Kommunikations-Metadaten hingegen sind Informationen o Kommunikation. Dazu gehören in der Regel: wer mit wem kommuniziert (Konten, E-Mail-Adressen, Telefonnummern), wann die Kommunikation stattfindet und wie lange sie dauert, welche IP-Adressen und von welchem Standort aus jemand eine Verbindung herstellt, wie viele Daten fließen und wie oft, welche Geräte, Anwendungen oder Protokolle verwendet werden. Der konkrete Umfang dieser Daten ist je nach Dienst und Betreiber unterschiedlich.
Bei E-Mails besteht der Inhalt der Kommunikation aus Text und Anhängen, während die Metadaten der Kommunikation aus Kopfzeilen mit einer Liste von Absendern und Empfängern, Zeitstempeln und den Servern, über die die Nachricht lief, bestehen. U Videokonferenzen ist der Inhalt eines verschlüsselten Audio-Video-Streams, die Metadaten der Kommunikation sind eine Aufzeichnung darüber, wer sich wann verbunden hat, wie lange er online war, von welcher IP-Adresse aus und welche technischen Parameter die Übertragung hatte.
Wie Kommunikations-Metadaten erstellt werden
Kommunikations-Metadaten werden praktisch bei jedem Schritt auf dem Weg zwischen zwei Teilnehmern erstellt: auf dem Gerät des Nutzers (Anwendungsprotokolle, Verbindungsinformationen), im Netz (Router, NAT, ISP) und auf der Seite des Dienstes (Server, die Protokollierung, Routing, Protokollspeicherung bereitstellen).

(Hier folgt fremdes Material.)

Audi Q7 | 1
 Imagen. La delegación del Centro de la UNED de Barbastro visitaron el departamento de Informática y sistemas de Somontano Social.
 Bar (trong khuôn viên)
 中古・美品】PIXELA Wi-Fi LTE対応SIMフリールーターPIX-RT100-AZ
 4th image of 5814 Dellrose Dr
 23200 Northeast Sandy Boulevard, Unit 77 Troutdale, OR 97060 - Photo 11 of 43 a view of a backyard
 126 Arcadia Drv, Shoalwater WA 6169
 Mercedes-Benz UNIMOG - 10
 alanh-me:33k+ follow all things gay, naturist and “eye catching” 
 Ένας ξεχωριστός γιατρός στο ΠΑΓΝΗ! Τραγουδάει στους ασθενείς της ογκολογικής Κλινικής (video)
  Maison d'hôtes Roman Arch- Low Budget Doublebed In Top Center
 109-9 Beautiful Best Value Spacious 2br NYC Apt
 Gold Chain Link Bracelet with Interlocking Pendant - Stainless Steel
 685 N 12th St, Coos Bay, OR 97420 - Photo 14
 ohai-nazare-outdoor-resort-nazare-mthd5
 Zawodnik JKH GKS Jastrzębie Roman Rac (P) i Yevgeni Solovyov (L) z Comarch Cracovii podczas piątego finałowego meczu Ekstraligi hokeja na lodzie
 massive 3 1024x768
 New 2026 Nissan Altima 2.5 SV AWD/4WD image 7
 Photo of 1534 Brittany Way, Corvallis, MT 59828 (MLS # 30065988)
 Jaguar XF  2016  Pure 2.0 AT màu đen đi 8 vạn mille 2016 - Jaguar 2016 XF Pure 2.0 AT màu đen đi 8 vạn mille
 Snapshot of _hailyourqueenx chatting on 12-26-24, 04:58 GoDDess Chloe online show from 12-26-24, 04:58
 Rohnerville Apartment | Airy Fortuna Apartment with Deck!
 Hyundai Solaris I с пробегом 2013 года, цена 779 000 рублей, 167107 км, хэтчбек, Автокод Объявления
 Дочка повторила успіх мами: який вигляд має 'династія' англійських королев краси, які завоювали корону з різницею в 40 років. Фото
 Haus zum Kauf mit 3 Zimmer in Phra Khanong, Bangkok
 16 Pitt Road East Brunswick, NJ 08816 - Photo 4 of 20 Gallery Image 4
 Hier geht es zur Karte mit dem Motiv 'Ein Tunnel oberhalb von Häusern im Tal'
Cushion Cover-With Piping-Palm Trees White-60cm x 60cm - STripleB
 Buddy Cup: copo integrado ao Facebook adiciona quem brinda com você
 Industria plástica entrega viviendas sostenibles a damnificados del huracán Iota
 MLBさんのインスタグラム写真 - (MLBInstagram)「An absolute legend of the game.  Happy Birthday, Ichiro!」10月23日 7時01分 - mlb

Selbst wenn der Inhalt der Nachrichten Ende-zu-Ende verschlüsselt ist, muss die Infrastruktur zumindest so viel wissen, dass sie in der Lage ist, die Verbindung herzustellen, aufrechtzuerhalten und möglicherweise abzubauen. Daher speichern die Anbieter in der Regel verschiedene Formen von Verkehrsprotokollen und TelemetrieVerbindungsstatistiken, Fehlerprotokolle, Daten zur Leistungsüberwachung oder zum Schutz vor Missbrauch.
Was aus den Metadaten der Kommunikation zu entnehmen ist
Kommunikations-Metadaten sehen auf den ersten Blick „unschuldig“ aus, aber in ihrer Gesamtheit können sie überraschend aufschlussreich sein. Sie ermöglichen es zum Beispiel, das Beziehungsnetz zu rekonstruieren - wer kommuniziert mit wem häufig, wer nur sporadisch, wer steht im Mittelpunkt. Sie können dazu verwendet werden, den Tagesrhythmus abzuschätzen - zu welcher Zeit Sie normalerweise arbeiten, wann Sie online sind und wann Sie nicht erreichbar sind. Anhand von IP-Adressen und Zugangspunkten lässt sich oft feststellen, ob sich jemand an einem Ort aufhält oder regelmäßig reist. Und eine plötzliche Verdichtung der Kommunikation in einer bestimmten Gruppe kann signalisieren, dass „etwas Wichtiges“ passiert, ohne dass jemand den Inhalt der Nachrichten liest.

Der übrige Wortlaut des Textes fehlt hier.